- WORK INSTRUCTION
Nothing but the lines from the one containing "Área Externa - Alcatrazes" through the one containing "Fryer & Griddle", both included, should be given again, each exactly as written below.

- DATA SHOWN
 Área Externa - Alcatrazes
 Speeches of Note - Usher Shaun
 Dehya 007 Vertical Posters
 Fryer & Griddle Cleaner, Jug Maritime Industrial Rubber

...

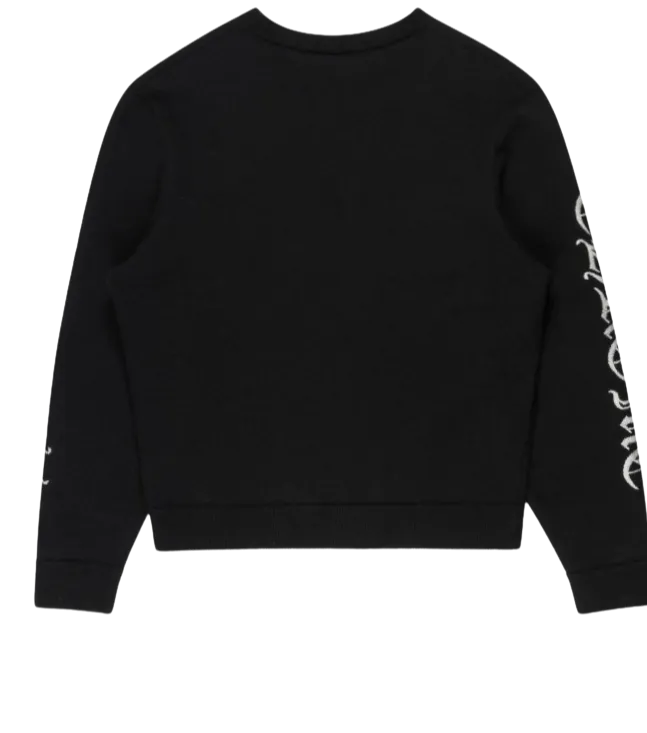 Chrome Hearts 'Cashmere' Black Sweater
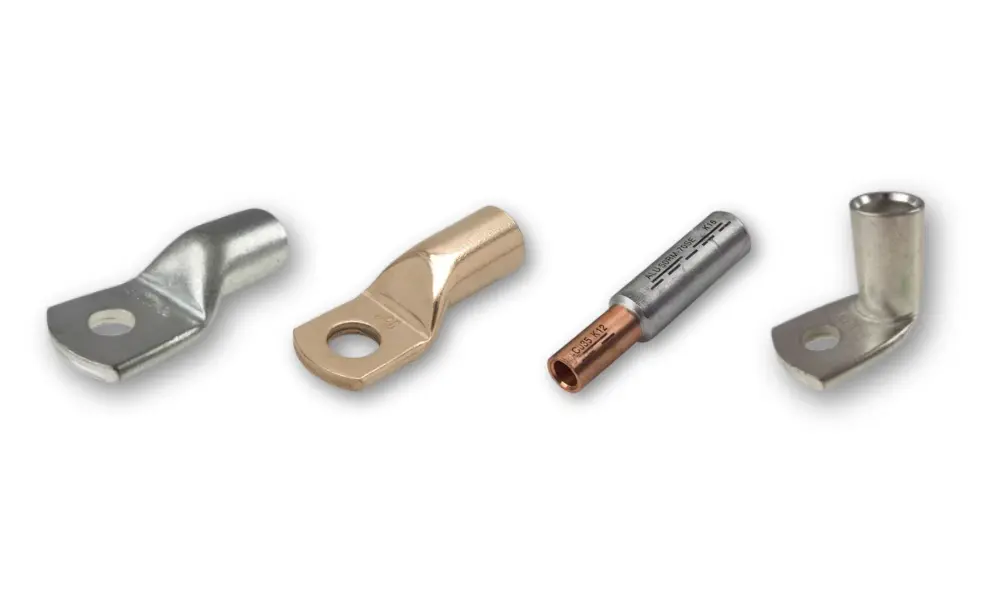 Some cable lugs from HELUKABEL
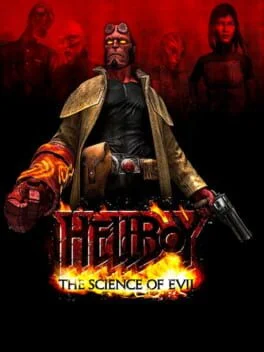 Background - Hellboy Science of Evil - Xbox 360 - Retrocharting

--

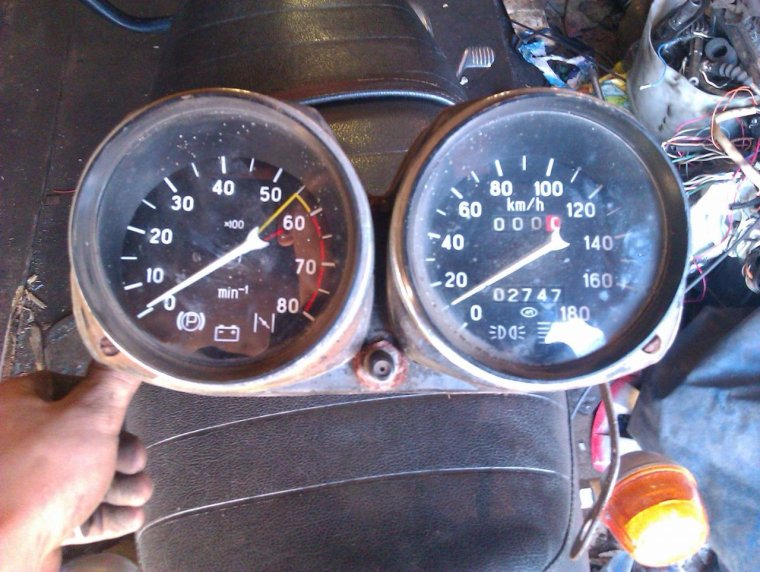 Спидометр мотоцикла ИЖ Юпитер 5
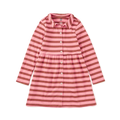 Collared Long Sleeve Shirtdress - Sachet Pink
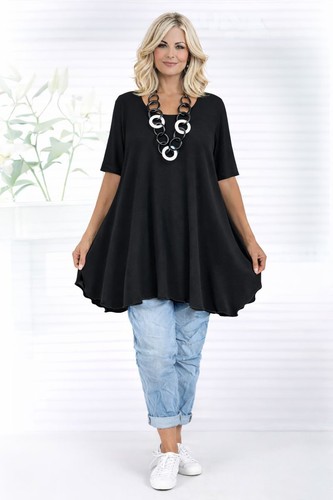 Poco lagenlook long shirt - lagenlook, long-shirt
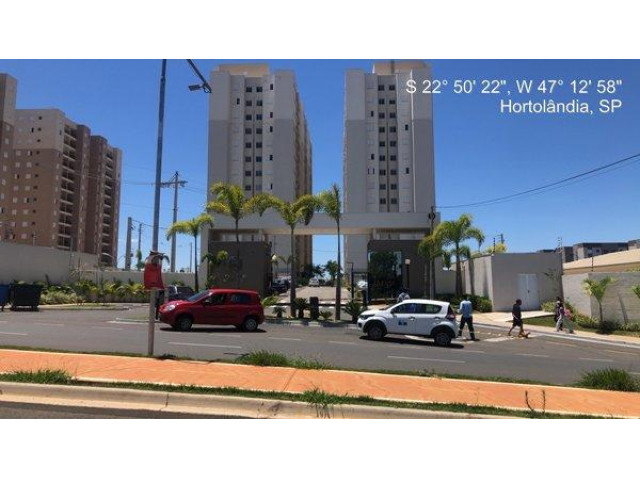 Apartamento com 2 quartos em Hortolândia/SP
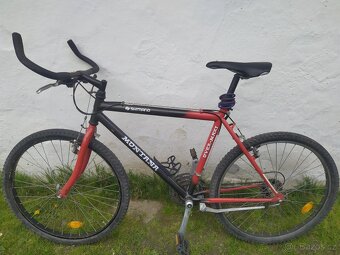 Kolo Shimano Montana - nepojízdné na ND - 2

- RESPONSE BOX
 Área Externa - Alcatrazes
 Speeches of Note - Usher Shaun
 Dehya 007 Vertical Posters
 Fryer & Griddle Cleaner, Jug Maritime Industrial Rubber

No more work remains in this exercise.